Three days of ambient exposures were completed on February 18, 24, and 26, 2015. For these ambient exposures, the in vitro exposure instrument sample inlet was connected to a Teflon (fluorinated ethylene propylene [FEP], &frac1s4; in. outer diameter [OD]) sample tube mounted on a 7 ft long mast on top of the field laboratory. The end of the ambient sample line at the top of the mast was protected with a funnel to prevent rain droplets and insects from touching the tube inlet. Although particles are permitted to enter the GIVES instrument, there is minimal interaction of particles with the A549 cells. All ambient exposures started at ~12 pm CST and lasted for four hours. LDH results were compared with the incubator controls and normalized to maximum cytotoxicity. Figure 4 shows a 16% increase in cell death from the incubator, and the difference was not statistically significant (P = 0.5). For each exposure, the expression levels of mRNA that encode for inflammation and cancer-related proteins were assessed in A549 cells. Of the 249 immune-related genes and 730 cancer-related genes that were measured, 11 genes showed significant (P < 0.05) differential expression in response to at least one of the conditions (Fig. 5 and Table 3). Nine of these were modulated in relation to ambient exposure, three were altered in relationship to ozone exposures, and only one was changed in response to clean air (Table 3).

Table 3

Differentially expressed genes in response to air toxics exposures.

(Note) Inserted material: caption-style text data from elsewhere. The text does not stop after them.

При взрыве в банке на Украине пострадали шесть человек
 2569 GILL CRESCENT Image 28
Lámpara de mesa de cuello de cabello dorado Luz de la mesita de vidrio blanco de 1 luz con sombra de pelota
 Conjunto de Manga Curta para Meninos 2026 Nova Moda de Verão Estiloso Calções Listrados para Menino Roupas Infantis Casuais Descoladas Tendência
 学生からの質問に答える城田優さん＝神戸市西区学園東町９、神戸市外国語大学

The nine genes that showed significant changes in gene expression in response to ambient air were associated with immune and inflammatory responses including arachidonate 5-lipoxygenase (ALOX5), complement component 2 (C2), chemokine (C-C motif) ligand 11 (CCL11), chemokine (C-C Motif) ligand 24 (CCL24), interferon-induced protein with tetratricopeptide repeats 3 (IFIT3), interleukin 11 (IL11), interleukin 12B (IL12B), MX dynamin-like GTPase 2 (MX2), and prostaglandin I2 (prostacyclin) receptor (PTGIR). Two of these genes were also modulated in response to ozone exposure, namely IL12B and IL11. Fibroblast growth factor receptor 3 (FGFR3) showed decreased expression in relation to ozone exposure and is involved in mitogenesis and differentiation, specifically as related to bone development and maintenance. Only one gene changed in response to clear air, namely defensin, alpha 1 (DEFA1).